Checklist opérationnelle (liste d’actions recommandées) :
- Définir un XI-type et limiter la rotation excessive.
- Déployer des recrutements ciblés en respectant la cohérence tactique.
- Mesurer les KPI à trois mois et ajuster les orientations du mercato.
- Communiquer un plan clair aux supporters pour renforcer la confiance.
- Protéger la santé des joueurs avec une gestion fine des charges.
Insight final : la réussite des résolutions du Nouvel An en Eredivisie dépend d’une combinaison de décisions structurées, d’un pilotage mesuré et d’une exécution rigoureuse. Sans ces ingrédients, même les meilleures intentions resteront lettre morte.
Quelles sont les priorités immédiates pour l’Ajax en 2026 ?
Restaurer la stabilité managériale, renforcer la défense et installer un XI type afin de réduire les erreurs et améliorer la constance des résultats.
Pourquoi Feyenoord doit-il opérer un grand ménage ?
L’utilisation excessive de joueurs et la rotation permanente ont détruit les automatismes. Un grand ménage vise à réduire la masse salariale et à clarifier la stratégie d’équipe pour retrouver des performances durables.
AZ doit-il vendre Troy Parrott en 2026 ?
Le choix dépend de l’évaluation entre gains financiers immédiats (vente à ~€21.3 million) et l’ambition sportive en Europe. Si le club vise un bon parcours européen, garder Parrott peut être judicieux ; sinon, monétiser est une option responsable.

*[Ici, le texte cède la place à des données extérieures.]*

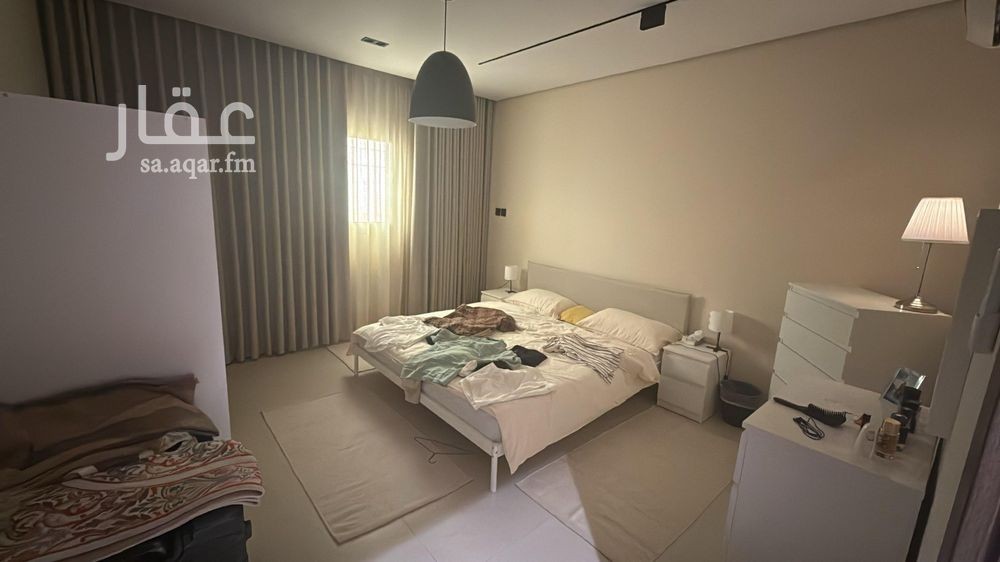 4 bedroom building in An Nur, Eastern Province 5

Comment mesurer l’impact d’un recrutement ?
Suivre des KPI tels que buts/assistances, xG contribution, duels gagnés, et influence sur la dynamique d’équipe sur une série de dix rencontres pour valider l’efficacité.
Je suis analyste football et rédacteur spécialisé dans les compétitions internationales, les équipes nationales et l’évolution du jeu moderne. À travers mes articles, j’apporte une lecture claire, documentée et accessible du football mondial, en mettant l’accent sur le contexte, l’analyse et la compréhension plutôt que sur le simple résultat.